Attorney Andrea Hansen, representing opposition group Michigan Opportunity, argued the change likely “misled hundreds of thousands of people” who signed the petition.
“The summary is false to such a material extent it taints the process,” she said.
Republican canvassers Tony Daunt and Richard Housekamp agreed and voted against certifying the petitions, which would have otherwise gone on the 2024 ballot if the Democratic-led state Legislature opted against adopting the initiative itself.
"This is an absolutely egregious error,” Daunt said.
The proposal would raise the minimum wage to $15 by 2027, amending a state law that currently requires the rate increase to $12 an hour by 2030.
The labor-backed plan is strenuously opposed by the restaurant lobby, which is funding Hansen’s legal work, because it would also phase out the state’s tipped wage (currently $3.84 per hour) by 2028 and require servers to make minimum wage.
Mark Brewer, an attorney for Raise the Wage Michigan, argued GOP canvassers who blocked certification on Friday took an “illegal” action because they had a “ministerial duty” to approve the signatures because they had previously approved the form of the petition.
Exempting employers with fewer than 21 employees from Michigan wage laws would mean they’d only be required to pay the much lower federal minimum wage of $7.25 per hour.
But Saru Jayaraman, president of the One Fair Wage group that is backing the Michigan petition, said internal analysis shows 80 percent of the state's minimum wage workers would be still covered by the proposal.
The change was made in the face of a “hostile” Republican-led Legislature that had undermined a previous ballot drive, Jayaraman said.
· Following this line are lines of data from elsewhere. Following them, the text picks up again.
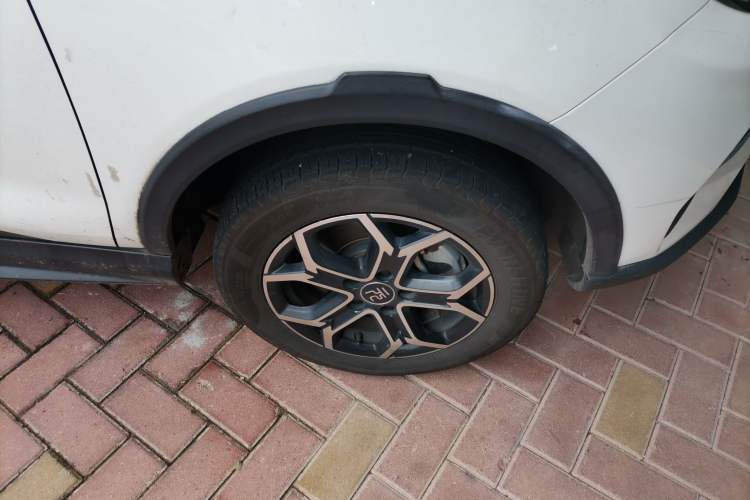Used BYD Yuan Pro 2021 401 km Luxury Version Right Front Wheel Hub
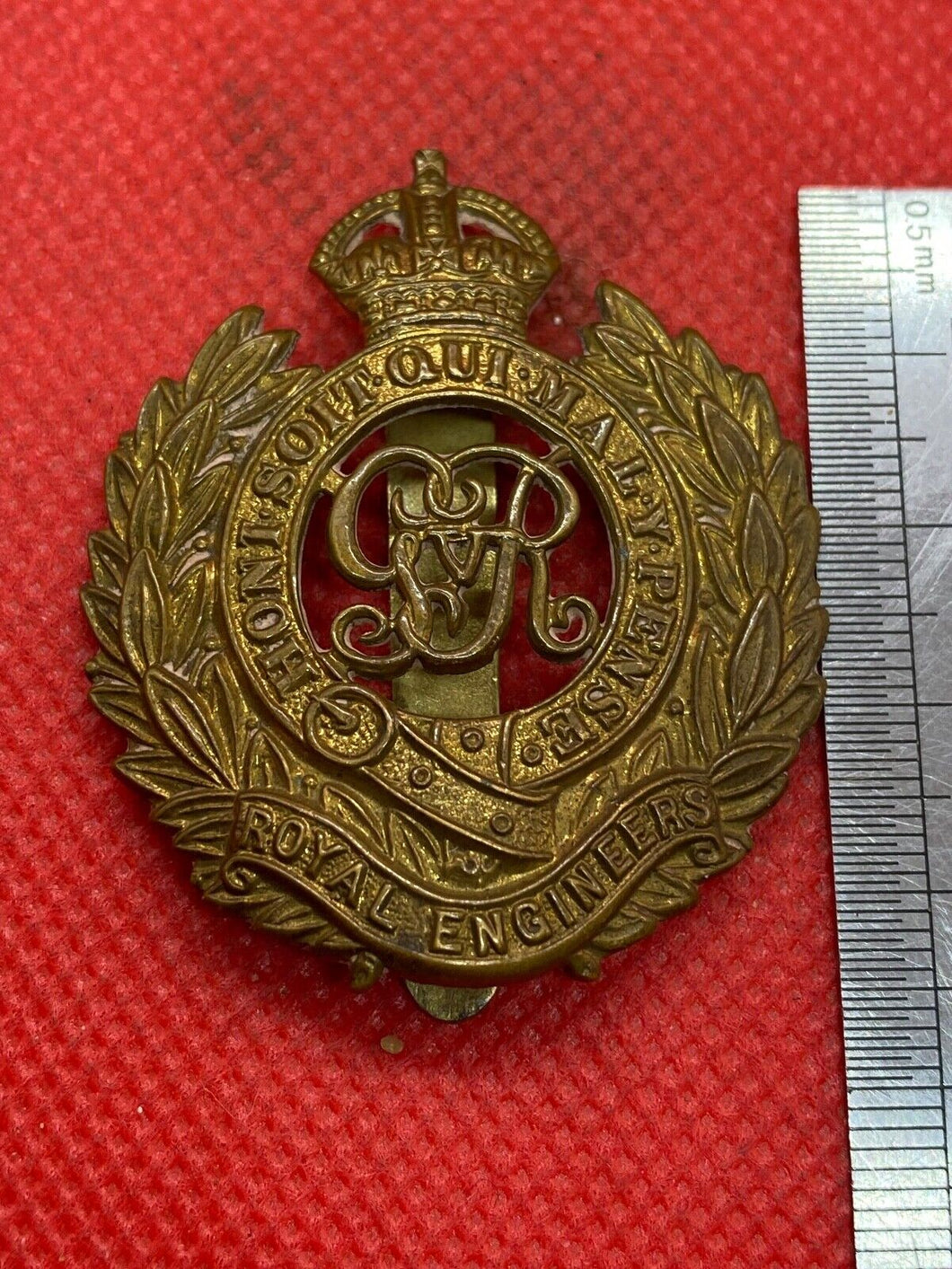 Original British Army WW1 GV Royal Engineers Cap Badge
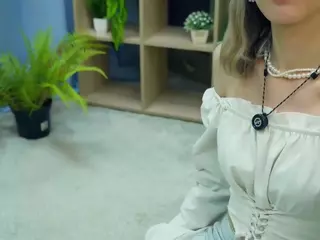 WhitneyDredge's Live Sex Cam Show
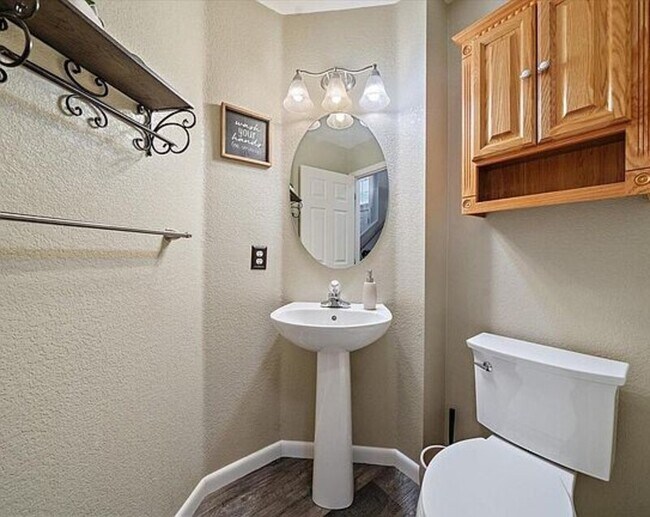 Building Photo - 10654 Apishamore Ct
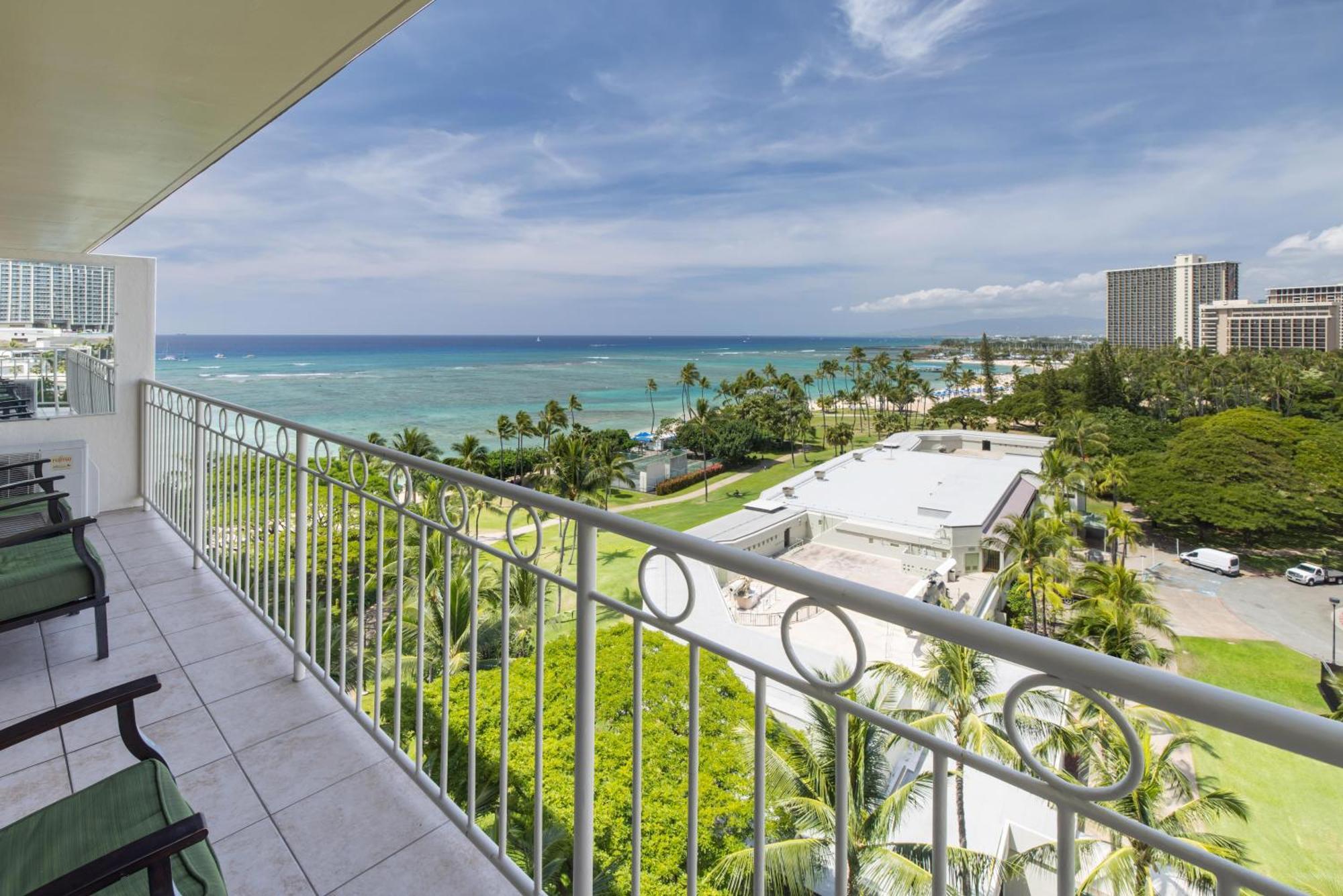 Apartment Waikiki Shore By Outrigger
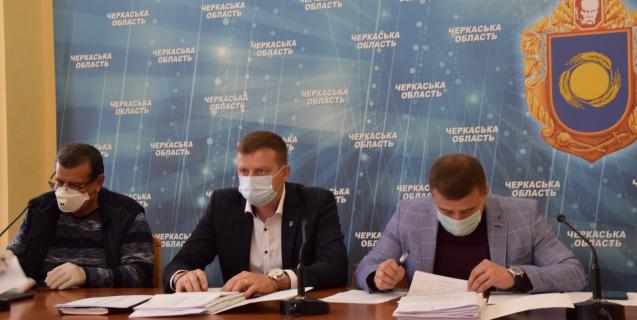 




До програми охорони природного середовища члени комісії погодили включити 9 нових заходів та внести зміни ще до шести, а також оголосити два нових заповідники


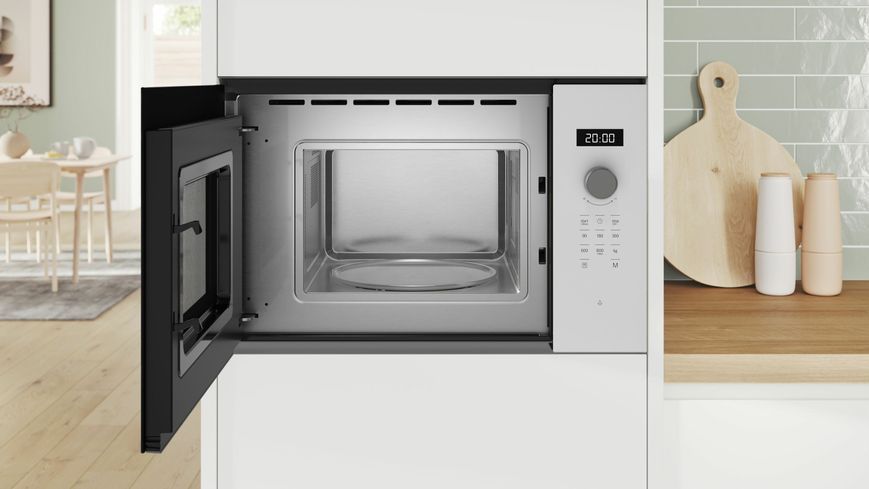 Встраиваемая микроволновая печь Bosch BFL524MW2 фото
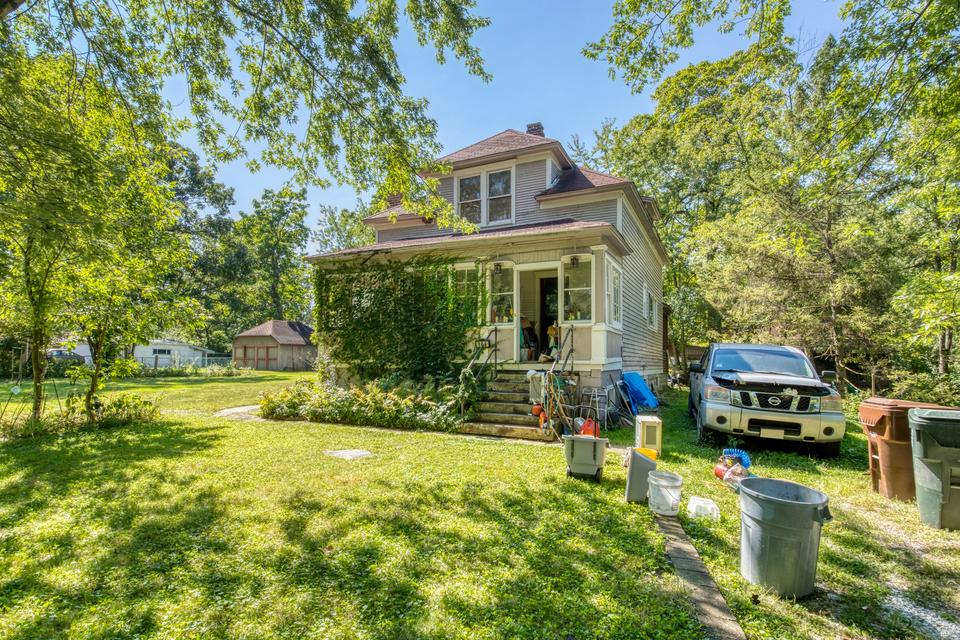 148 N Wabash Ave, Glenwood, IL 60425 photo 1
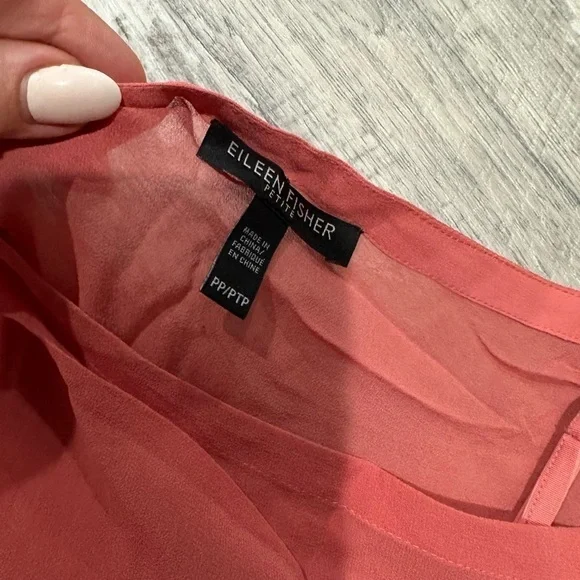 EILEEN FISHER Blouse SHEER SILK GEORGETTE BATEAU NECK BOXY Corral Petite PP $198 - Picture 4 of 4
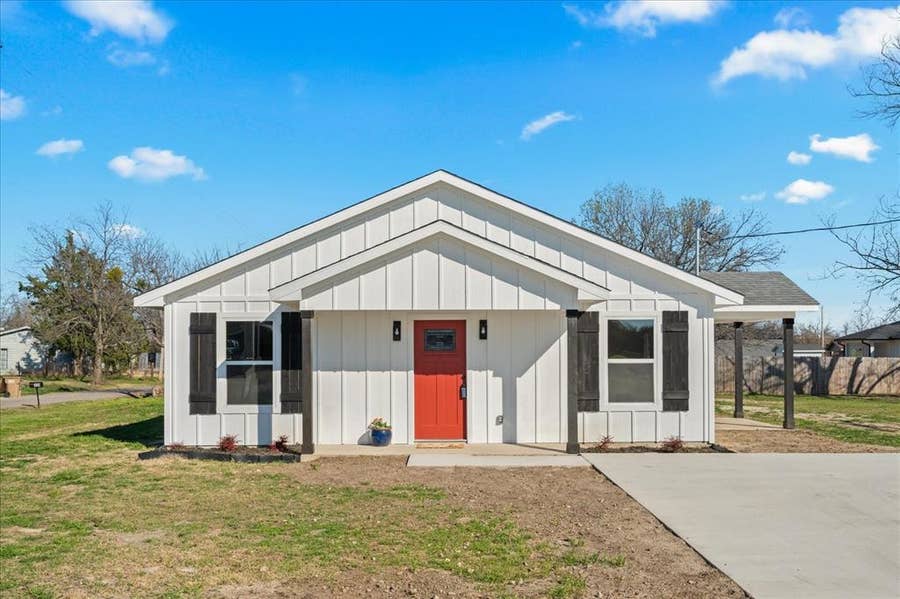 Property photo for 200 Gladys Street, Lone Oak, TX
But now that Democrats have majorities in Lansing, they could “close any loopholes.”
Organizers will appeal the canvassers’ decision and "feel supremely confident" the proposal will make the ballot even if they need to take the fight all the way to the Michigan Supreme Court, she said.
Jayaraman called Friday's vote a "partisan attempt to stop democracy."
Both Democrats on the four-member board voted to certify the petition, arguing that questions over the petition summary and modified definition of employer were not within their purview and should be decided by courts.
The Michigan Supreme Court is already considering whether the state’s 2018 Republican-led Legislature violated the constitution by adopting and then quickly weakening separate minimum wage and paid sick leave initiatives to keep them off the ballot that year.
The new Raise the Wage ballot proposal is a "sloppy, haphazard scheme" that has "no place on the ballot," said John Sellek, a spokesperson for the Michigan Opportunity opposition group.
Friday's board deadlock was the latest drama involving the initiative.
Organizers initially wanted to put the measure on the 2022 ballot but a petition signature scandal that disqualified several gubernatorial candidates also slowed the wage group’s collection efforts.
The signature collection effort was also delayed when courts required the ballot committee to increase the size of a union printing label on its initial petition form because it did not comply with required font size rules.
The group ultimately submitted 567,934 voter signatures, but the Michigan Bureau of Elections estimated 360,309 were valid, just topping the 340,047 that were required to advance the measure to the Legislature and qualify for the ballot.
Separately, canvassers on Friday approved for circulation new petitions seeking to force recall elections for Democratic state Reps. Noah Arbit of West Bloomfield and Betsey Coffia of Traverse City because of their votes for so-called "red flag" gun confiscation laws.